The Roadblocks to Productizing AI at Scale
The hardest part isn’t building the algorithm— it’s embedding it into business workflows. Scaling AI requires a solid product architecture, clean data pipelines, user-centric design and seamless integration with both upstream and downstream systems. A key challenge in international markets is balancing standardization with localization, determining what can scale globally versus what must be tailored to specific commercial contexts. Change management is another hurdle. AI often disrupts legacy workflows and decision-making processes, so building trust and adoption is critical. At Novartis, we’ve addressed this by involving local activation teams early and prioritizing use cases with strong commercial sponsorship and clear, measurable KPIs. Our goal is to embed intelligence into commercial decision making to drive measurable impact. We operate with a product mindset, agile approach to development and maintain a laser focus on adoption and business outcomes.
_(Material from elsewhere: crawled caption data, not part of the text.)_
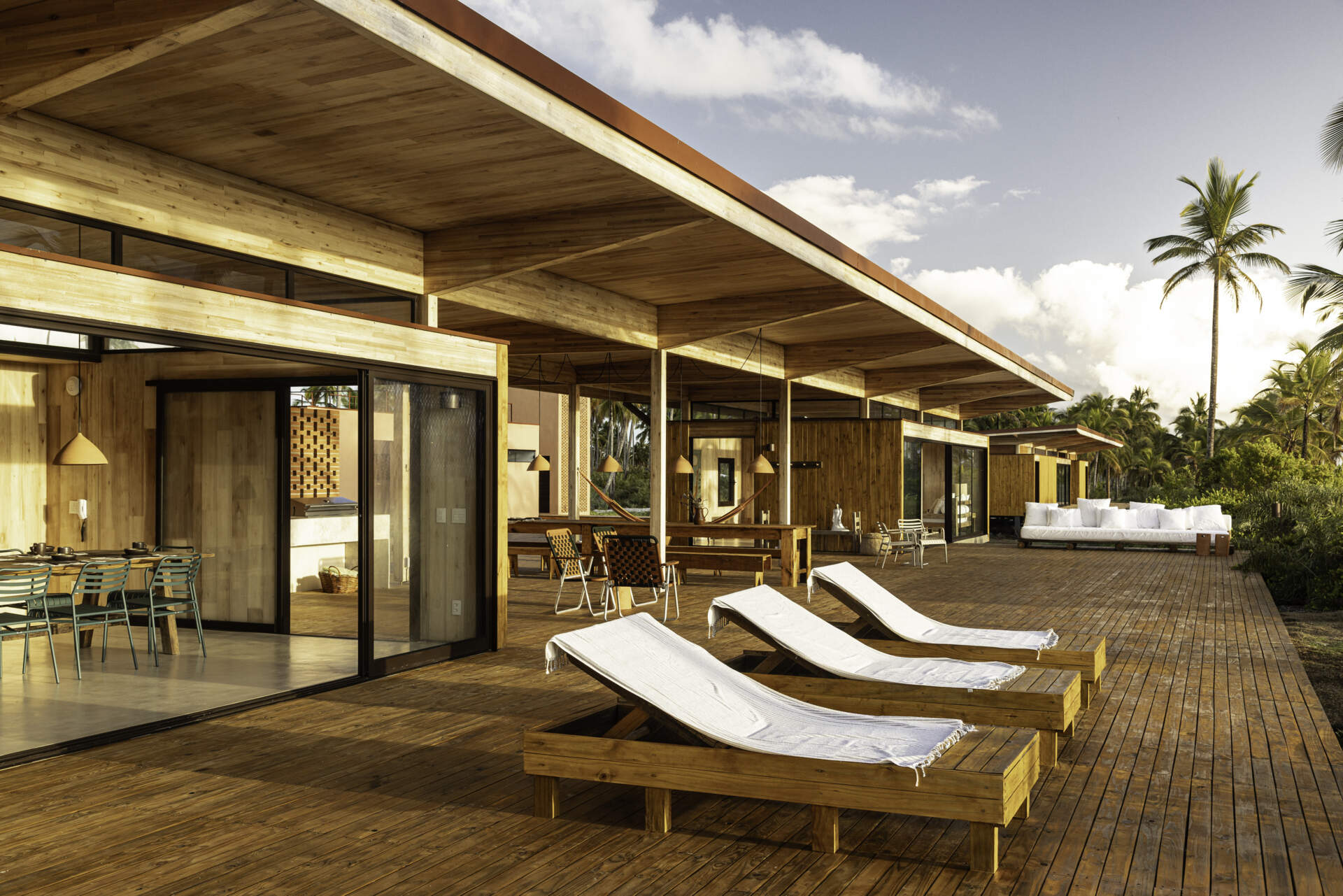 A modular home set between the river and the sea, designed for calm tropical living. Warm wood interiors, large glass openings, and open patios create a seamless flow between forest, coast, and indoor comfort.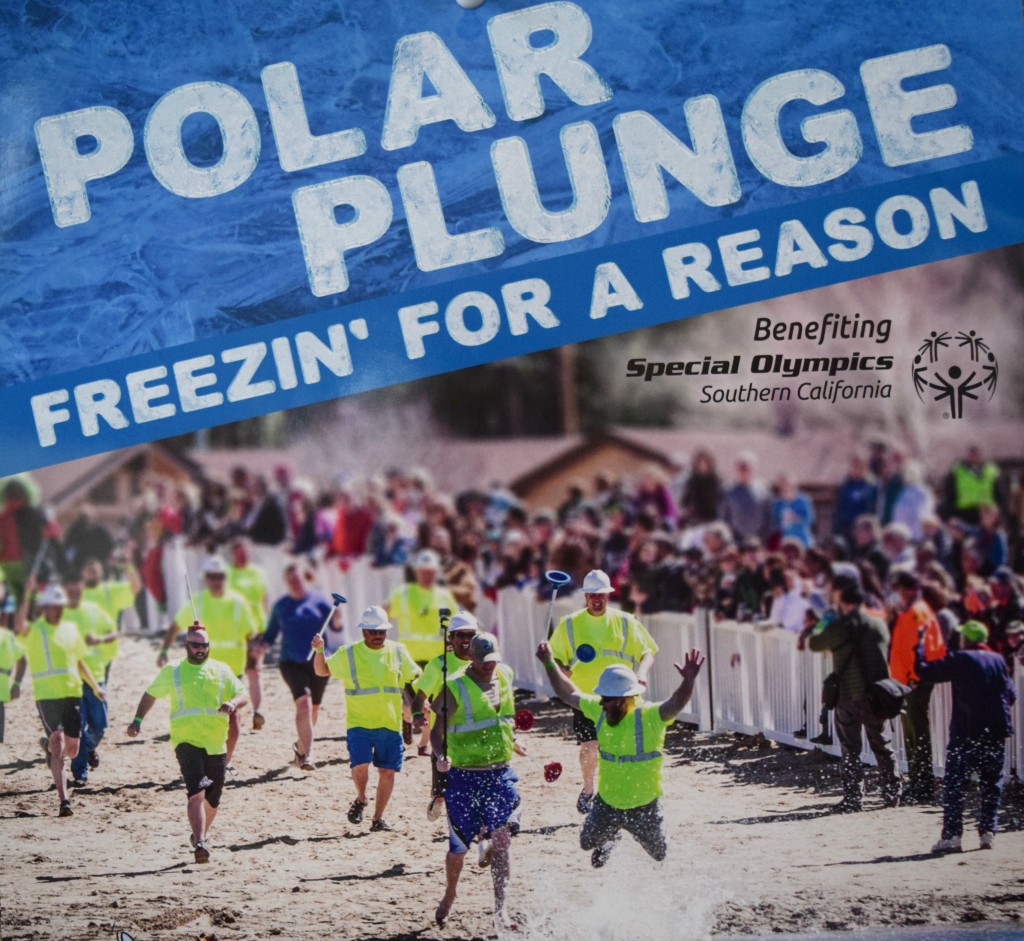 A group of people in bright green shirts and helmets run into the water at the Polar Plunge benefiting Special Olympics Southern California.
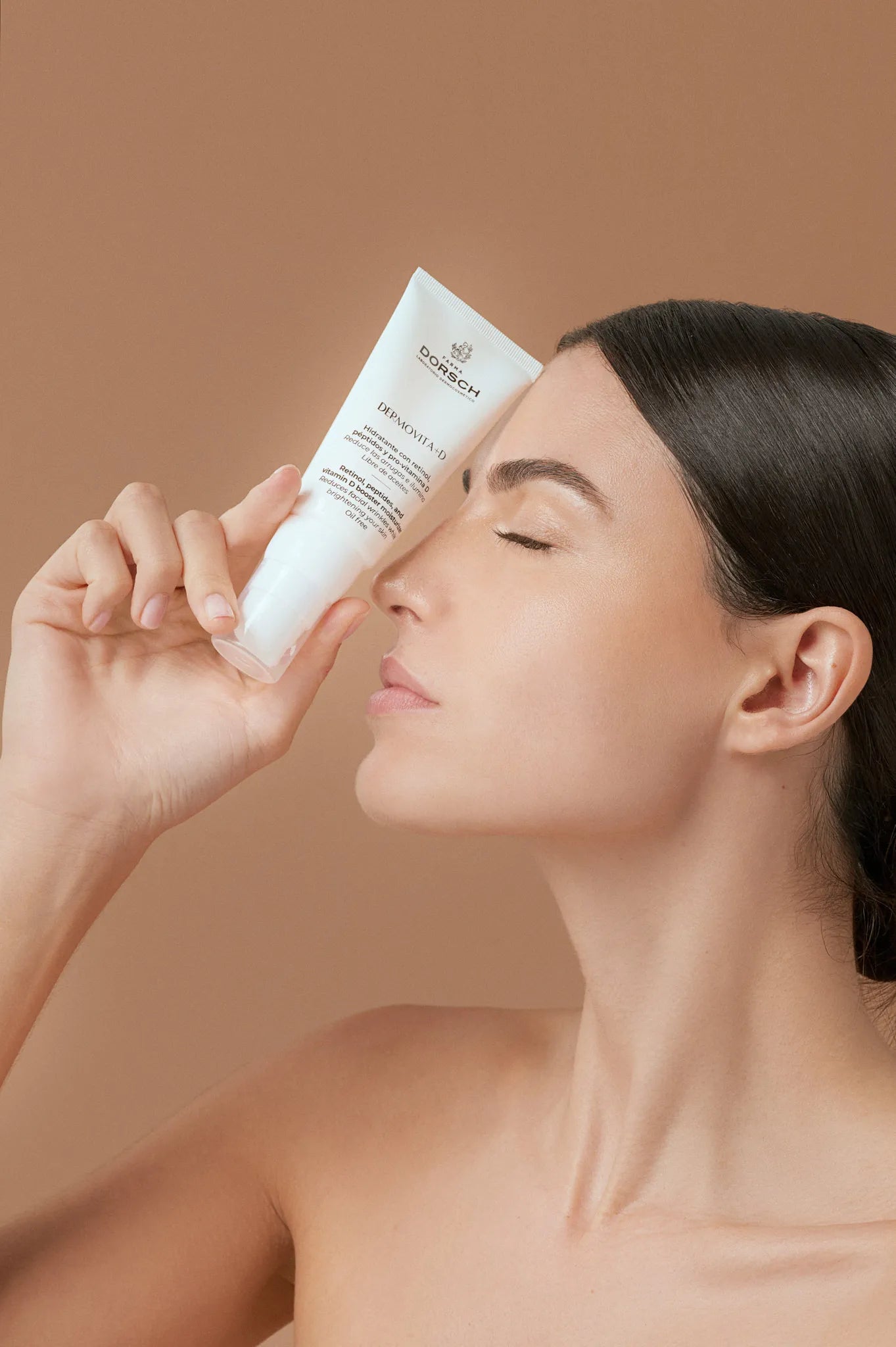 mujer sosteniendo producto facial FARMA DORSCH junto a la cara destacando la DERMOVITA + D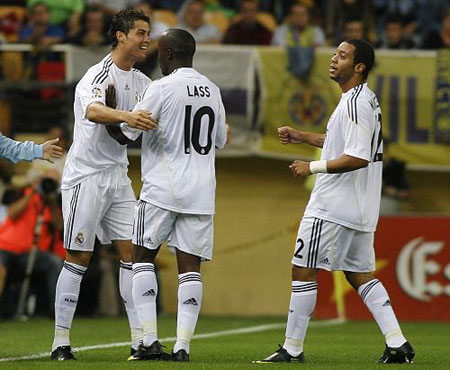 Real Madrid's Cristiano Ronaldo (L) celebrates a goal against Villarreal with team mates Lassana Diarra (C) and Marcelo during their Spanish first division soccer match at the Madrigal Stadium in Villarreal September 23, 2009.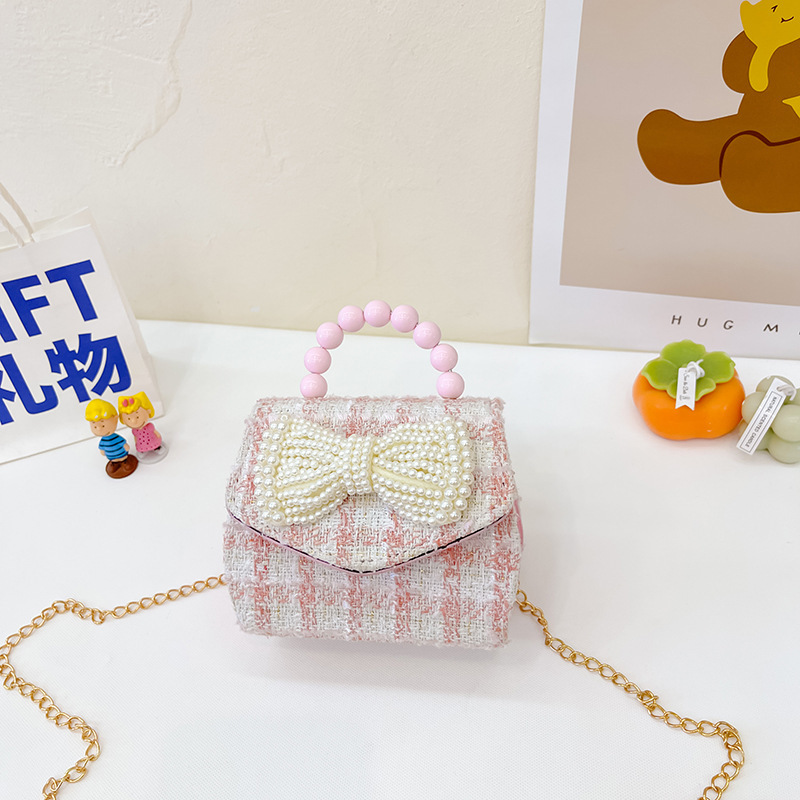 2022 nuevo arco de la celebridad en línea tejida bolso de los niños de las mujeres de estilo coreano lindo crossbody mini bolso de la perla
The Core Ingredients of a High-Impact AI Team
I look for people who can turn ambiguity into action, those who blend technical rigor with business acumen. The most effective team members are curious, pragmatic and highly collaborative. They are equally comfortable engaging with both technical and commercial leaders. Beyond skills, mindset is key. Building enterprise AI products is a marathon, not a sprint. We value resilience, accountability and the agility to pivot when needed. I also invest in cross-functional fluency. Roles like analytics translators are essential in bridging business needs with technical execution.
Our goal is to embed intelligence into commercial decision making to drive measurable impact.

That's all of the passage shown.